Concern over gun safety has received renewed attention in the aftermath of the accidental shooting of a former sheriff’s deputy’s 3-year-old son.
Clark County law enforcement agencies sent out memos last year to officers, instructing them to double-check their gun safes for a malfunction, following the Sept. 14, 2010, shooting of Ryan Owens. The 3-year-old opened his father’s gun safe and picked up a loaded Kel-Tec pistol and shot himself. Investigators said the department-issued safe was faulty and occasionally didn’t lock when it should have.
The shooting death has led to the question: How reliable are department-issued gun safes?
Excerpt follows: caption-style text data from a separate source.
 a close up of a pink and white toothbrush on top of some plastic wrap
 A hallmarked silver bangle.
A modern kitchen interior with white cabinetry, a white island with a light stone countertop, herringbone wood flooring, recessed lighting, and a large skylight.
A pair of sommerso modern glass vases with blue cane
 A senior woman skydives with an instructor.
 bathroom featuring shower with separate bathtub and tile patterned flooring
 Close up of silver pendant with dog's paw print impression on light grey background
Detective Ed Owens, who was fired Tuesday, has told several media outlets this week that he didn’t know his safe was defective. But after his son’s death, he thought his Stack-On safe had been subject to a recall.
That’s not true, said Clark County sheriff’s Chief Criminal Deputy Mike Evans. After sending out an agency-wide memo last year, Evans said there was no evidence of widespread faulty safes. None of the dozens of deputies and custody officers reported having problems with their gun safes.
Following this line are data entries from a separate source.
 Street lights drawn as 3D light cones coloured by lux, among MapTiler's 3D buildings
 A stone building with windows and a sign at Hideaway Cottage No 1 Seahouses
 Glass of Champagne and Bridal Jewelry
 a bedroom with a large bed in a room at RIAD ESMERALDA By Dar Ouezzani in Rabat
Evans and Vancouver police investigators also said that Owens’ safe wasn’t among a batch of safes manufactured by Stack-On that had been subject to a recall.
The U.S. Consumer Product Safety Commission recalled 1,320 Stack-On safes in 2004.
“They were from a specific manufacture lot,” Evans said this week. “The safes we issued weren’t subject to the recall. “
Officials at Stack-On Products Co. could not say without a serial number whether the safe in question was recalled; they did
say, however, there hasn’t been a batch of Stack-On safes recalled in a long time.
Vancouver police Sgt. Scott Creager said the police department’s officers underwent a training session to ensure they knew how to lock the safes properly in wake of the Owens shooting, as did the Battle Ground Police Department.
Further, Battle Ground police Lt. Roy Butler said his department also inspected all officers’ safes, he said.
Both Vancouver and Battle Ground police said they thought none of their department safes were among those recalled. A Stack-On representative told the lead investigator on the Owens case that all the recalled safes had been returned and accounted for.
Malfunction dispute
Owens was fired Tuesday for a number of violations in the shooting death, most of them relating to his treatment of his 11-year-old stepdaughter. Owens and his wife blamed the girl for the death and allegedly coerced a false confession from her. Owens has denied the coercion allegation.
In hundreds of pages of police reports and internal affairs reports, there’s dispute over whether Owens knew his safe was malfunctioning. Internal affairs investigators said he did know the safe was faulty — he was overheard by a neighbor saying the safe had been open for three days — and that it was his responsibility to have it replaced. Owens said in reports that he didn’t know of any malfunction.
According to police reports, investigators inspected Owens’ gun safe and discovered a three-second locking delay. Also, if the handle is turned slightly to the right after locking it, the safe can be opened, police said.
“Sometimes the door knob can be turned to the unlocked position and the door can be pulled open, allowing unwanted entry into the safe,” Vancouver police Detective Lawrence Zapata wrote in police reports. “Other times, the safe is locked and unwanted entry can’t be made.”
Still, both Vancouver Police Department and Clark County sheriff’s officials say it’s the officer’s responsibility to ensure their equipment is working properly.
“The Clark County Sheriff’s Office provides safe storage devices to all employees who are issued department-owned firearms, with the requirement that employees are to maintain such safe storage devices in proper working condition, and that they shall immediately replace any malfunctioning or non-working safe storage device,” according to the internal affairs report on Owens.
Randall case
The Owens case has brought to mind the 2003 shooting death of Emilee Randall. The daughter of Sgt. Craig Randall, she was accidentally shot by her brother, Matthew, after he picked up their father’s loaded pistol from a bedroom dresser.
Sheriff Garry Lucas made it a policy for all his deputies to have department-issued safes for their service weapons following the death. The pistol that killed Ryan Owens was his father’s personal gun; still, officials said the same policy applies regarding firearms storage.
“Deputy Owens violated our firearms storage policy by not replacing the department-issued safe which he believed to be malfunctioning,” according to the internal affairs report.
Owens was in Olympia on Thursday and unavailable for comment. In an on-air interview with Fox 12 Oregon on Wednesday, however, Owens spoke pointedly about the gun safes. He denied any responsibility for the faulty safe.
“By these safes being out there, it’s like playing Russian Roulette. Sooner or later, another gun is going to go off,” he told Fox 12.